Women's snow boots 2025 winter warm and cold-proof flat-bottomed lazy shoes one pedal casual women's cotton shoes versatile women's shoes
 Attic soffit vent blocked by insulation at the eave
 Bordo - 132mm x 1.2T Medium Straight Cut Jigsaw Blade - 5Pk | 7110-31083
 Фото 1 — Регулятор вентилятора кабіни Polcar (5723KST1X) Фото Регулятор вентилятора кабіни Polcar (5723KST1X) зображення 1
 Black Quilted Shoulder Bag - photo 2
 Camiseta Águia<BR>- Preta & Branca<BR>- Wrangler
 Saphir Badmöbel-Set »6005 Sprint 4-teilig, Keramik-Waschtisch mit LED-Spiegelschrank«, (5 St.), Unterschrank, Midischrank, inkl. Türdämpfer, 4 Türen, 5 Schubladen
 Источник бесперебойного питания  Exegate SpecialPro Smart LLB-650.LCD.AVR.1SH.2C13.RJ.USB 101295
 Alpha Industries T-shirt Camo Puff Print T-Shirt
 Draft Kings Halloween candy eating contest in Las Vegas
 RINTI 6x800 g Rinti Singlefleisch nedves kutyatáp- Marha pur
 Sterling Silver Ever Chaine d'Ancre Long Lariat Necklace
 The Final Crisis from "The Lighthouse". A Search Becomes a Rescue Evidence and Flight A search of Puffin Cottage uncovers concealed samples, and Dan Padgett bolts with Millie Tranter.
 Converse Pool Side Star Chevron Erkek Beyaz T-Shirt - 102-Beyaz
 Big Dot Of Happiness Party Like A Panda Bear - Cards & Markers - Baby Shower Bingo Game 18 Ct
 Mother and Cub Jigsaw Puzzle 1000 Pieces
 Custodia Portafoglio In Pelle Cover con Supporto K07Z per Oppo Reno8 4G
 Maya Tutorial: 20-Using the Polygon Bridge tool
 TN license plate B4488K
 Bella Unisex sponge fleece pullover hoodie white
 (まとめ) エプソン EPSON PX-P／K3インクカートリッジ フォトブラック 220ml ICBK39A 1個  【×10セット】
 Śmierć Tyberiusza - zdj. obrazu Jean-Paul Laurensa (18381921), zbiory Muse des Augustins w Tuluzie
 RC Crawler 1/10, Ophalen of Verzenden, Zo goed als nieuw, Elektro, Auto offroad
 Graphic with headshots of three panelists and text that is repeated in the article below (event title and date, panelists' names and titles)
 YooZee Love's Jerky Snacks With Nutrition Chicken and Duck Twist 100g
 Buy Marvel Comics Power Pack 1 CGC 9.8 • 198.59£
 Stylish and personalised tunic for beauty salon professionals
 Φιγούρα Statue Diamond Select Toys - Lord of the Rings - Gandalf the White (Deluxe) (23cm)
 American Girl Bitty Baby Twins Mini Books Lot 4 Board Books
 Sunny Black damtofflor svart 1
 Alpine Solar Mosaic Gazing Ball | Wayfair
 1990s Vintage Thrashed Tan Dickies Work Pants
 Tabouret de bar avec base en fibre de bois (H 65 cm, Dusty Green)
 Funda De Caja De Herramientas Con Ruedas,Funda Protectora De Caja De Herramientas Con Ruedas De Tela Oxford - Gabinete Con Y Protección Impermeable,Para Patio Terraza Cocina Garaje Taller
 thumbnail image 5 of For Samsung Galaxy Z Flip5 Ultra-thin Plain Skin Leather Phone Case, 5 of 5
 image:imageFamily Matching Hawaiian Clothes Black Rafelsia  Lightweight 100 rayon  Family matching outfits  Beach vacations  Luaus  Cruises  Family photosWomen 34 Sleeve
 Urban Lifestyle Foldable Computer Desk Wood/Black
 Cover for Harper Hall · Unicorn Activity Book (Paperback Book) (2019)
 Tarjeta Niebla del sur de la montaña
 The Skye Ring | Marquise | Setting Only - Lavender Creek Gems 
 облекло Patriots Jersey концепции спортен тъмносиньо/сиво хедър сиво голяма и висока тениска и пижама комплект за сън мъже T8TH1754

> Problem requirements:
Exact reproduction is required. Give the lines of the data from its first line through the line containing "Converse Pool Side", and no others.

> Result of this exercise:
Women's snow boots 2025 winter warm and cold-proof flat-bottomed lazy shoes one pedal casual women's cotton shoes versatile women's shoes
 Attic soffit vent blocked by insulation at the eave
 Bordo - 132mm x 1.2T Medium Straight Cut Jigsaw Blade - 5Pk | 7110-31083
 Фото 1 — Регулятор вентилятора кабіни Polcar (5723KST1X) Фото Регулятор вентилятора кабіни Polcar (5723KST1X) зображення 1
 Black Quilted Shoulder Bag - photo 2
 Camiseta Águia<BR>- Preta & Branca<BR>- Wrangler
 Saphir Badmöbel-Set »6005 Sprint 4-teilig, Keramik-Waschtisch mit LED-Spiegelschrank«, (5 St.), Unterschrank, Midischrank, inkl. Türdämpfer, 4 Türen, 5 Schubladen
 Источник бесперебойного питания  Exegate SpecialPro Smart LLB-650.LCD.AVR.1SH.2C13.RJ.USB 101295
 Alpha Industries T-shirt Camo Puff Print T-Shirt
 Draft Kings Halloween candy eating contest in Las Vegas
 RINTI 6x800 g Rinti Singlefleisch nedves kutyatáp- Marha pur
 Sterling Silver Ever Chaine d'Ancre Long Lariat Necklace
 The Final Crisis from "The Lighthouse". A Search Becomes a Rescue Evidence and Flight A search of Puffin Cottage uncovers concealed samples, and Dan Padgett bolts with Millie Tranter.
 Converse Pool Side Star Chevron Erkek Beyaz T-Shirt - 102-Beyaz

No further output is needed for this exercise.